The reply to the records below should contain exactly the lines from the line with "5 HAS EN VENTA, PAVON CERCA DE LOS CARDALES" through the line with "11939 Bemont Avenue, New", and nothing besides.

━━━ GIVEN RECORDS ━━━

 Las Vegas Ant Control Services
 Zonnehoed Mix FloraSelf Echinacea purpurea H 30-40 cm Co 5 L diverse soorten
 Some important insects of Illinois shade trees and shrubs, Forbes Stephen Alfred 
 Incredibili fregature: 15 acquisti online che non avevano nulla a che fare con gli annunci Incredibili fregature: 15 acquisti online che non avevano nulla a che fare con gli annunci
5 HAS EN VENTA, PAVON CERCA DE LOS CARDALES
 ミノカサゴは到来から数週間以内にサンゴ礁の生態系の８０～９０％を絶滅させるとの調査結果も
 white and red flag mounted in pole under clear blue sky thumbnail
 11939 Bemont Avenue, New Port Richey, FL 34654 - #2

━━━
━━━ GIVEN RECORDS ━━━

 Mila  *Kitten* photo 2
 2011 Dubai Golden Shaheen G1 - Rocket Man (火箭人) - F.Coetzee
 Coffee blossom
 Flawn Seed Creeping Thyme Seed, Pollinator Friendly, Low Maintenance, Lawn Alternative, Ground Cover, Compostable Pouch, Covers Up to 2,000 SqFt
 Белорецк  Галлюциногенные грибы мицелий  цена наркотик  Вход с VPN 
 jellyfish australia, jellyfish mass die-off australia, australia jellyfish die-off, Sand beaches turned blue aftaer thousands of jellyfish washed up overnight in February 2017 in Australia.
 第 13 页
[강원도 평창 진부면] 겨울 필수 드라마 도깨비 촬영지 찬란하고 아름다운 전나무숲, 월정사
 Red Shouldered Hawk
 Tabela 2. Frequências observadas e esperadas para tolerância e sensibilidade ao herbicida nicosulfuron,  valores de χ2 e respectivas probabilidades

━━━

## WRITTEN REPLY
5 HAS EN VENTA, PAVON CERCA DE LOS CARDALES
 ミノカサゴは到来から数週間以内にサンゴ礁の生態系の８０～９０％を絶滅させるとの調査結果も
 white and red flag mounted in pole under clear blue sky thumbnail
 11939 Bemont Avenue, New Port Richey, FL 34654 - #2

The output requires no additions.